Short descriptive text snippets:
-------------------------
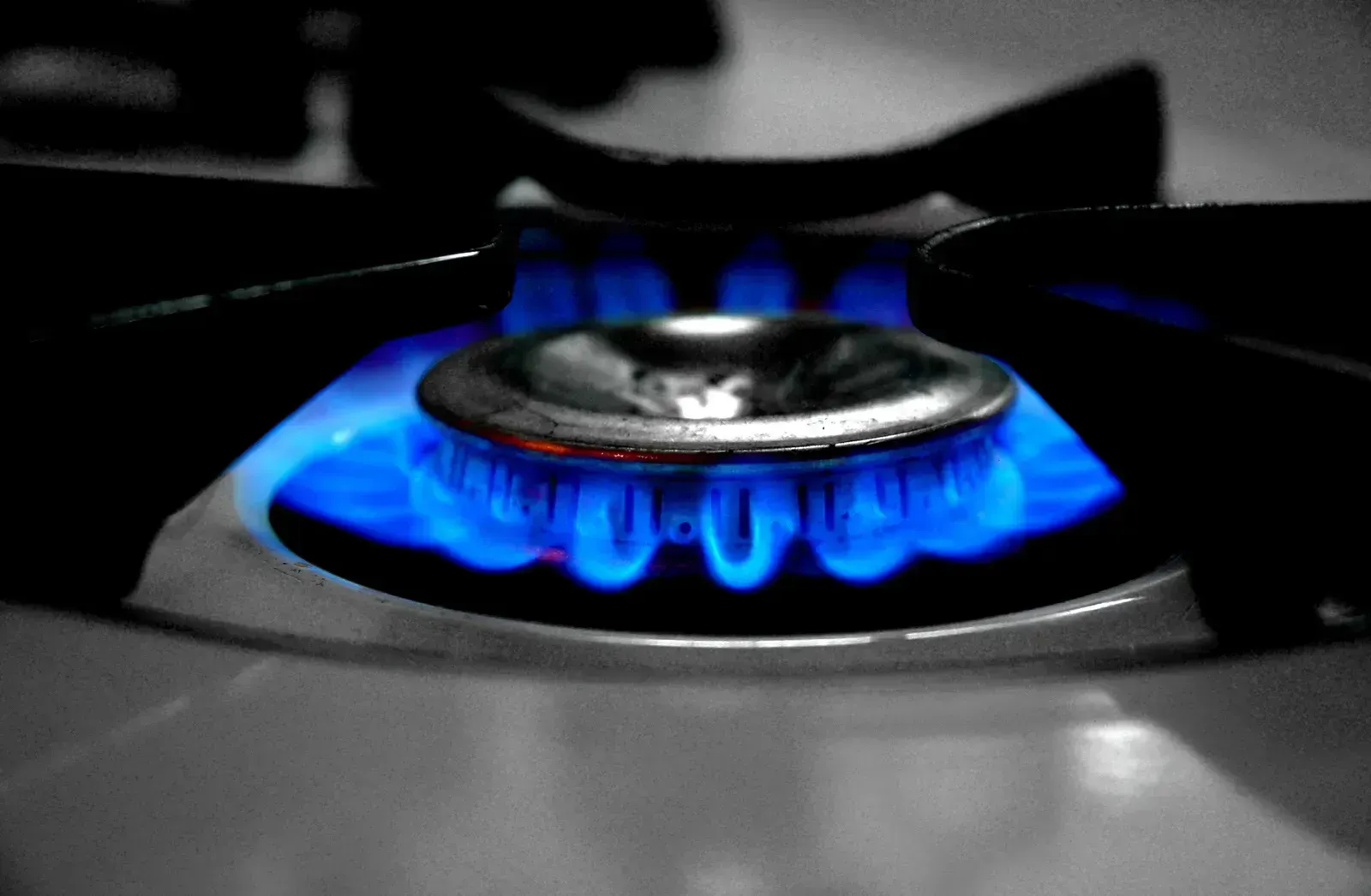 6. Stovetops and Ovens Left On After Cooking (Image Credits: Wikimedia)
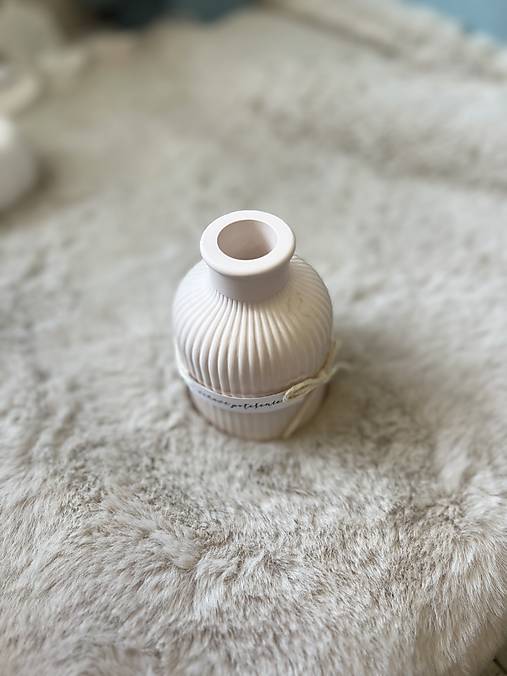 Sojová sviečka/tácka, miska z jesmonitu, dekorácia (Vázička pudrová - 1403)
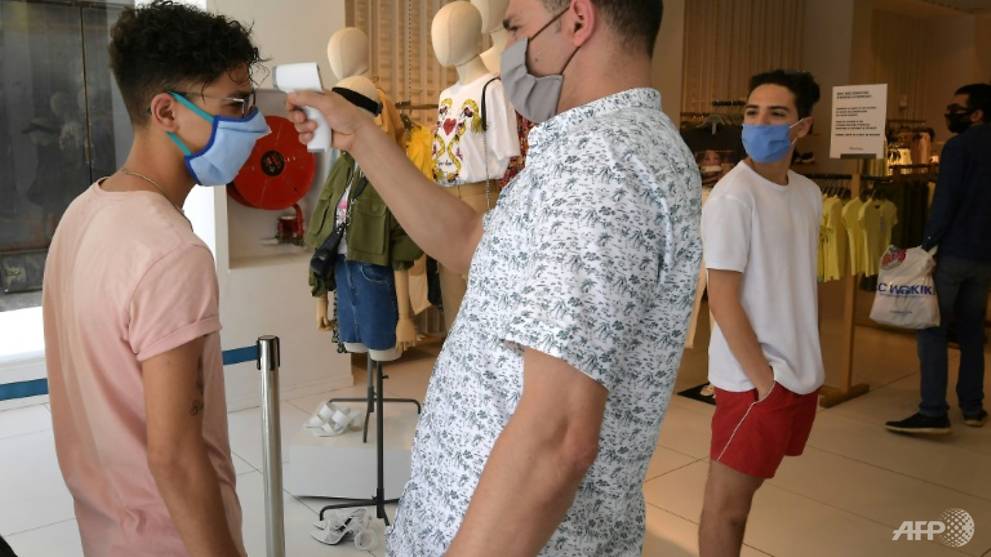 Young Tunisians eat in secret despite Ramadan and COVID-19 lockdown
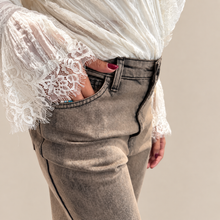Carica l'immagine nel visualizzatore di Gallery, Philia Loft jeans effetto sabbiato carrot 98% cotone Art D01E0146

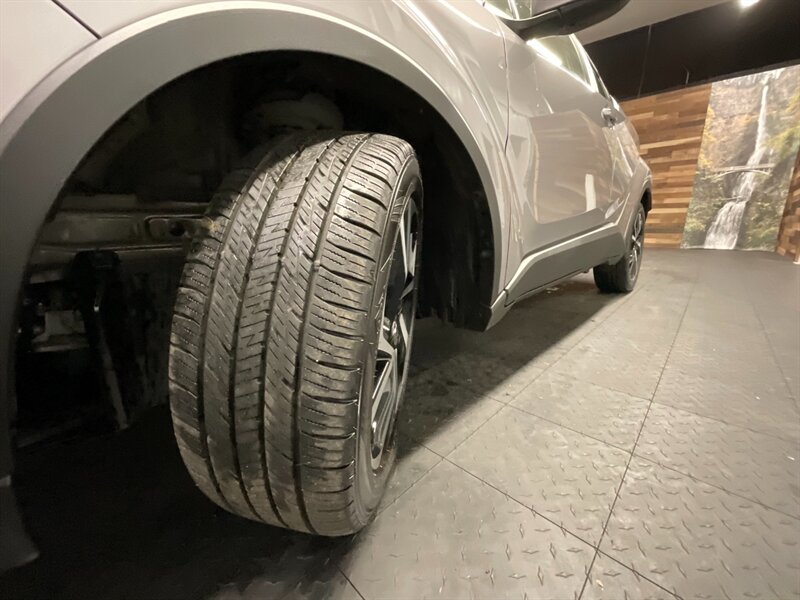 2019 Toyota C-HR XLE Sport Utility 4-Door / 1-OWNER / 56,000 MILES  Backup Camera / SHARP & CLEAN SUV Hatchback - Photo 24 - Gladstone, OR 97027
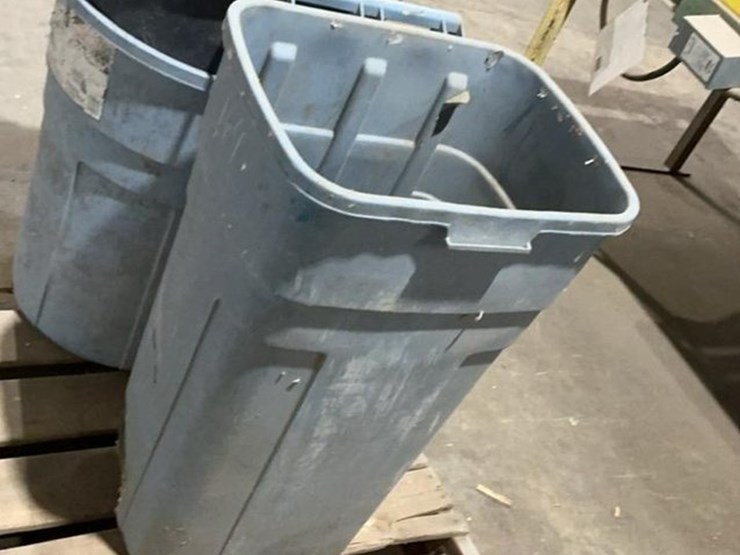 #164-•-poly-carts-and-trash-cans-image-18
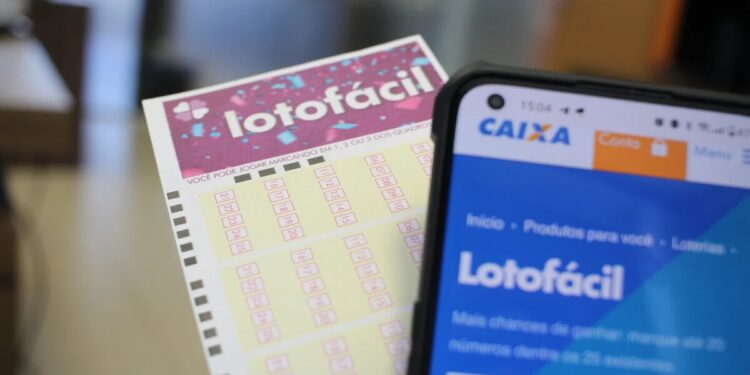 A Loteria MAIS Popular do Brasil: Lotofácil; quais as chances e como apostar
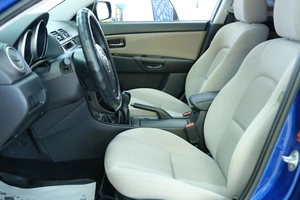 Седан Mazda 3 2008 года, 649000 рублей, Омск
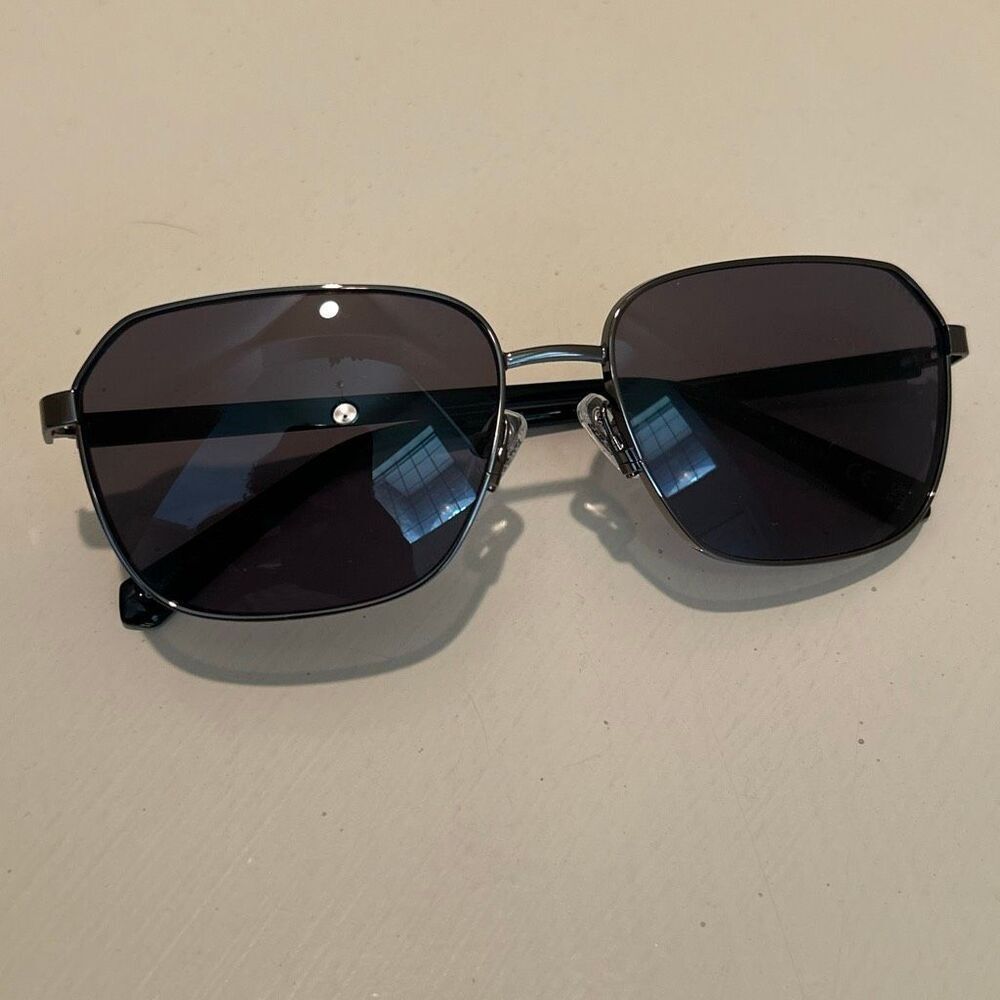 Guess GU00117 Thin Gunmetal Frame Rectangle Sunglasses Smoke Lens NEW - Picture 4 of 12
-------------------------
_Exercise description:_ The images are to be left out while the entries are written out exactly.

_Solution to this problem:_
 6. Stovetops and Ovens Left On After Cooking (Image Credits: Wikimedia)
 Sojová sviečka/tácka, miska z jesmonitu, dekorácia (Vázička pudrová - 1403)
 Young Tunisians eat in secret despite Ramadan and COVID-19 lockdown
Carica l'immagine nel visualizzatore di Gallery, Philia Loft jeans effetto sabbiato carrot 98% cotone Art D01E0146

 2019 Toyota C-HR XLE Sport Utility 4-Door / 1-OWNER / 56,000 MILES  Backup Camera / SHARP & CLEAN SUV Hatchback - Photo 24 - Gladstone, OR 97027
 #164-•-poly-carts-and-trash-cans-image-18
 A Loteria MAIS Popular do Brasil: Lotofácil; quais as chances e como apostar
 Седан Mazda 3 2008 года, 649000 рублей, Омск
 Guess GU00117 Thin Gunmetal Frame Rectangle Sunglasses Smoke Lens NEW - Picture 4 of 12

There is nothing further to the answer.